A voice outside said, ‘You had better open this door at once or we’ll shoot through it.’

‘For God’s sake,’ Mr Davis screamed, ‘leave me alone. He’ll shoot me,’ and the eyes watched him intently through the panes of the gas-mask, with satisfaction. ‘There’s not a thing I’ve done to you,’ he began to protest. Over Raven’s head he could see the clock: it hadn’t moved more than three hours since his breakfast, the hot stale taste of the kidneys and bacon was still on his palate: he couldn’t believe that this was really the end: at one o’clock he had a date with a girl: you didn’t die before a date. ‘Nothing,’ he murmured, ‘nothing at all.’

‘It was you,’ Raven said, ‘who tried to kill …’

‘Nobody. Nothing,’ Mr Davis moaned.

Raven hesitated. The word was still unfamiliar on his tongue. ‘My friend.’

‘I don’t know. I don’t understand.’

‘Keep back,’ Raven cried through the door, ‘I’ll shoot him if you fire.’ He said, ‘The girl.’

Mr Davis shook all over. He was like a man with St Vitus’s dance. He said, ‘She wasn’t a friend of yours. Why are the police here if she didn’t … who else could have known …?’

Raven said, ‘I’ll shoot you for that and nothing else. She’s straight.’

‘Why,’ Mr Davis screamed at him, ‘she’s a policeman’s girl. She’s the Yard man’s girl. She’s Mather’s girl.’

Raven shot him. With despair and deliberation he shot his last chance of escape, plugged two bullets in where one would do, as if he were shooting the whole world in the person of stout moaning bleeding Mr Davis. And so he was. For a man’s world is his life and he was shooting that: his mother’s suicide, the long years in the home, the race-course gangs, Kite’s death and the old man’s and the woman’s. There was no other way; he had tried the way of confession, and it had failed him for the usual reason.
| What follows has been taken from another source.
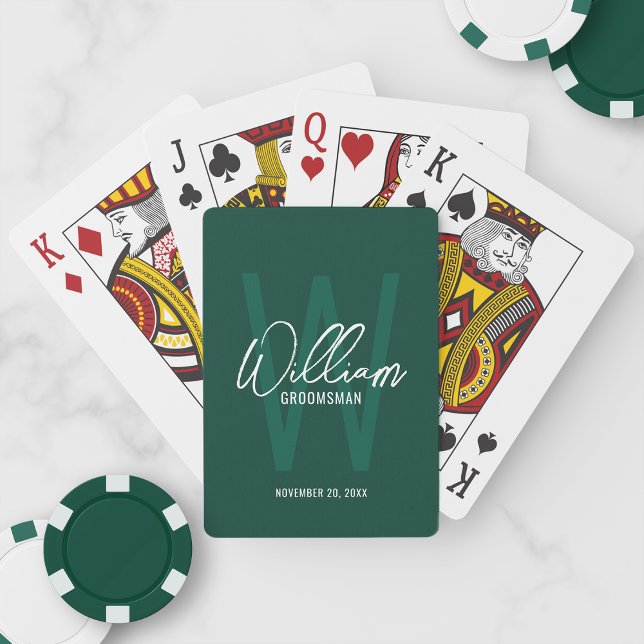 Personalized Script Groomsmen Monogram&Name Playing Cards (Creator Uploaded)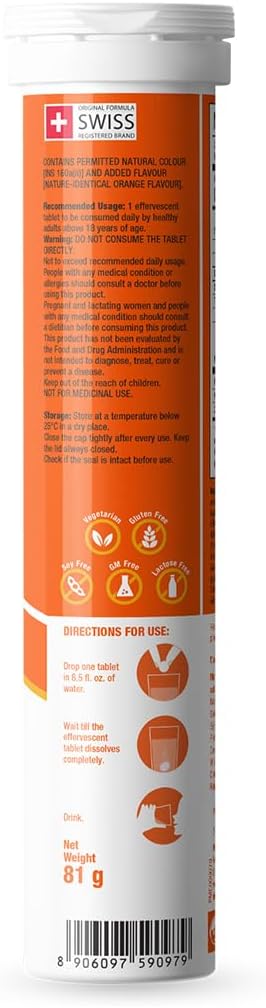 FAST&UP، مکمل ویتامین D3، مدل C-1000، 1000 میلی‌گرم و 50 میکروگرم، قرص جوشان، طعم پرتقال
There was no one outside your own brain whom you could trust : not a doctor, not a priest, not a woman. A siren blew up over the town its message that the sham raid was over, and immediately the church bells broke into a noisy Christmas carol : the foxes have their holes, but the son of man … A bullet smashed the lock of the door. Raven, with his gun pointed stomach-high, said, ‘Is there a bastard called Mather out there? He’d better keep away.’

While he waited for the door to open he couldn’t help remembering many things. He did not remember them in detail; they fogged together and formed the climate of his mind as he waited there for the chance of a last revenge: a voice singing above a dark street as the sleet fell:
They say that’s a snowflower a man brought from Greenland
, the cultivated unlived voice of the elderly critic reading
Maud: Oh, that ’twere possible after long grief
, while he stood in the garage and felt the ice melt at his heart with a sense of pain and strangeness. It was as if he were passing the customs of a land he had never entered before and would never be able to leave: the girl in the café saying, ‘He’s bad and ugly …’, the little plaster child lying in its mother’s arms waiting the double-cross, the whips,
the
nails. She had said to him, ‘I’m your friend. You can trust me.’ Another bullet burst in the lock.